In Kentucky, the death toll from last week’s massive rain storms and flooding has risen to 28, including several children. On Sunday, Kentucky Governor Andy Beshear told NBC’s “Meet the Press” that recovery crews face weeks of work — even as forecasters predict more rain in the coming days.
Gov. Andy Beshear: “This is one of the most devastating, deadly floods that we have seen in our history. … With the level of water, we’re going to be finding bodies for weeks, many of them swept hundreds of yards, maybe quarter-mile-plus, from where they were lost.”
Meteorologists say the record-breaking deluge that brought flooding and mudslides to eastern Kentucky would have had a one-in-a-thousand chance of happening, if not for climate change.
In California, Governor Gavin Newsom has declared a state of emergency after a fire in the Klamath National Forest grew to become the state’s largest of the year, scorching more than 52,000 acres near the California-Oregon border. In Montana, the Elmo wildfire expanded overnight, tripling in size to over 11 square miles.
In other climate news, in Iran, at least 80 people were killed, and dozens more remain missing, after heavy rains triggered flash floods impacting hundreds of villages, towns and cities.
On Capitol Hill, Democratic leaders are pushing the Senate to pass new legislation on healthcare, taxes and the climate crisis before senators leave for their summer recess on Friday. Last week, Majority Leader Chuck Schumer announced a surprise deal with conservative West Virginia Democrat Joe Manchin on a 10-year, $739 billion domestic policy package that seeks to reduce U.S. carbon emissions by roughly 40% by the end of this decade. All eyes are now on Arizona Democratic Senator Kyrsten Sinema, who has yet to announce whether she’ll support the legislation.

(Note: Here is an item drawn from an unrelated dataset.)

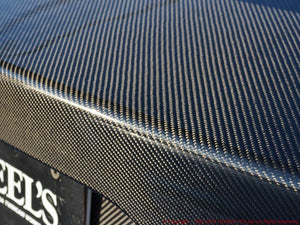 FEEL'S HONDA TWINCAM LIGHTWEIGHT TRUNK PLAIN WEAVE CARBON FOR HONDA ACCORD CL7 EURO R FEELS-00112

A ship carrying 26,000 tons of corn left the Ukrainian port of Odessa today. It is the first ship to leave Ukraine under a deal brokered by the United Nations and Turkey to reopen ports on the Black Sea which have been closed since Russia’s invasion began over five months ago. On Saturday, the CEO of one of Ukraine’s largest grain producers and one of the country’s richest entrepreneurs was killed in the southern port city of Mykolaiv during intense Russian shelling. Oleksiy Vadaturskyi died along with his wife when a missile hit their home.
Meanwhile, a small drone attacked the headquarters of Russia’s Black Sea Fleet in Crimea. Russia accused Ukraine of carrying out the attack, which injured six people.

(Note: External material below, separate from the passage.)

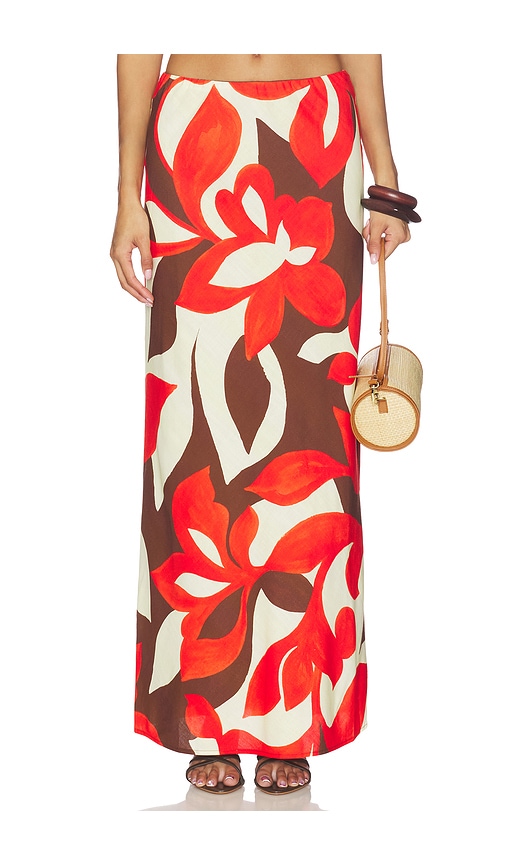 SEVEN WONDERS JUPE BILLIE en Red Taille S Also en XS M L XL 105 €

House Speaker Nancy Pelosi has arrived in Singapore to begin an Asian trip that will include stops in Malaysia, South Korea and Japan. CNN reports Pelosi will also visit Taiwan despite warnings from China and criticism from top Biden administration officials. A Chinese Foreign Ministry spokesperson said today such a trip would be “a gross interference in China’s internal affairs.”
Pope Francis has wrapped up his trip to Canada, where he apologized for the abuse of Indigenous children who were separated from their families and sent to church-run residential schools, where they faced psychological, physical and sexual violence. Thousands of children died. On his return flight home, the pope described the forced assimilation of Indigenous children to be a form of genocide.
Pope Francis: “I apologized. I asked forgiveness for this work, which was genocide. I condemned this, taking children away and trying to change their culture, their minds, change their traditions, race and an entire culture.”
The top watchdog at the Department of Homeland Security abandoned efforts to recover text messages sent by the agency’s top two officials around the time of the January 6 assault on the Capitol and failed to warn Congress that important information about the insurrection may have been erased. That’s according to The Washington Post, which reports that DHS Inspector General Joseph Cuffari — a Trump appointee — first learned last December of the missing texts involving then-acting DHS head Chad Wolf and his deputy Ken Cuccinelli, but made no effort to alert lawmakers.
On Friday morning, the FBI raided several properties in St. Louis, Missouri, and St. Petersburg, Florida, tied to the African People’s Socialist Party, which leads the Uhuru Movement. The Pan-Africanist group has been a longtime advocate for reparations for slavery and a vocal critic of U.S. foreign policy. The raids came as the Justice Department indicted a Russian man living overseas. He is accused of using U.S.-based groups to spread Russian propaganda. The groups were not named in the indictment but reportedly include the African People’s Socialist Party. One of the FBI raids targeted the home of Omali Yeshitela, the founder of the African People’s Socialist Party. He accused the FBI of targeting the group for its political work.
Omali Yeshitela: “They see in the African People’s Socialist Party a vanguard for the struggle for the liberation of our people. They see that because not just what we do here in the United States, but because we have the temerity to do like Garvey, to do like Malcolm X, and take the struggle of Black people around the world.”
In Guatemala, press freedom and human rights groups are condemning the arrest of veteran award-winning journalist José Rubén Zamora. On Friday, police raided his home and the office of his newspaper, elPeriódico. Zamora has been accused — without evidence — of money laundering and blackmail. But Zamora and supporters say his arrest is in retaliation for the newspaper’s probes into corruption by Guatemala’s right-wing President Alejandro Giammattei and other officials. Zamora spoke to reporters after being taken into custody.
José Rubén Zamora: “They chased me and my children in the streets in a very dangerous way. My family had to exile. My home was illegally raided. But they haven’t gone as far as now, with them formally arresting me. I don’t know how long the process will take. … We keep facing a narco-klepto dictatorship. Four years ago, our apparent democracy was transformed, electing a president that is a thief who has been assaulting us for the past four years. Us, as Guatemalans, we don’t have the capacity to defend ourselves.”
Basketball legend and civil rights activist Bill Russell has died at the age of 88. As a player, he helped transform the game as he led the Boston Celtics to 11 NBA championships during his 13-year career. In 1967, he became the NBA’s first Black coach. Off the court, Russell was a longtime civil rights advocate. In 1961, he led a boycott of a game in Kentucky after two of his Black teammates were denied service at their hotel. In 1963, Russell participated in the March on Washington. He also spoke out against school segregation and racism in Boston, which he described as a “traumatizing” place to live.
The pioneering Black actress Nichelle Nichols, who played Lt. Uhura on “Star Trek,” has died at the age of 89. Nichols was one of the first Black women to have a leading role on television. In the 1960s, one of her biggest fans was Dr. Martin Luther King, who told her, “When we see you, we see ourselves, and we see ourselves as intelligent and beautiful and proud.” Nichols later worked with NASA to help the space agency recruit women and people of color.